TASK OBJECTIVE: Nothing but the lines from the line with "image for item" through the end of the data is to be copied, and each is to be copied exactly.

(Data excerpts)

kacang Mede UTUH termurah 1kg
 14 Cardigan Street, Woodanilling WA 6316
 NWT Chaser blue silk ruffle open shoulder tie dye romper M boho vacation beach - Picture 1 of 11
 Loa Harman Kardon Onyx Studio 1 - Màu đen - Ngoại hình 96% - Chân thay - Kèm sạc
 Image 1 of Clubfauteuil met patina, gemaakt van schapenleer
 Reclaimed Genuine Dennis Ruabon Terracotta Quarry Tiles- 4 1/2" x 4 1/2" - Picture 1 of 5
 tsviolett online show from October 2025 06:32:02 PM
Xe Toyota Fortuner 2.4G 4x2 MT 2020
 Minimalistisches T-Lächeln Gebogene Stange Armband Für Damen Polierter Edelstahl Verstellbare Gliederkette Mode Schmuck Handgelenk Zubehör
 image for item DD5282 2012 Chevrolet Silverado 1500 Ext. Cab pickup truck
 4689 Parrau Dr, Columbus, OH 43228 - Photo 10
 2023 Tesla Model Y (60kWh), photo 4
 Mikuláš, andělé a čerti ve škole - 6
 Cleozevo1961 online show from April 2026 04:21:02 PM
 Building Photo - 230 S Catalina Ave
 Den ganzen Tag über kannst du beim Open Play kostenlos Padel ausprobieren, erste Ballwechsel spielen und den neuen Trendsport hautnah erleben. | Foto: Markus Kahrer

YOUR RESPONSE:
 image for item DD5282 2012 Chevrolet Silverado 1500 Ext. Cab pickup truck
 4689 Parrau Dr, Columbus, OH 43228 - Photo 10
 2023 Tesla Model Y (60kWh), photo 4
 Mikuláš, andělé a čerti ve škole - 6
 Cleozevo1961 online show from April 2026 04:21:02 PM
 Building Photo - 230 S Catalina Ave
 Den ganzen Tag über kannst du beim Open Play kostenlos Padel ausprobieren, erste Ballwechsel spielen und den neuen Trendsport hautnah erleben. | Foto: Markus Kahrer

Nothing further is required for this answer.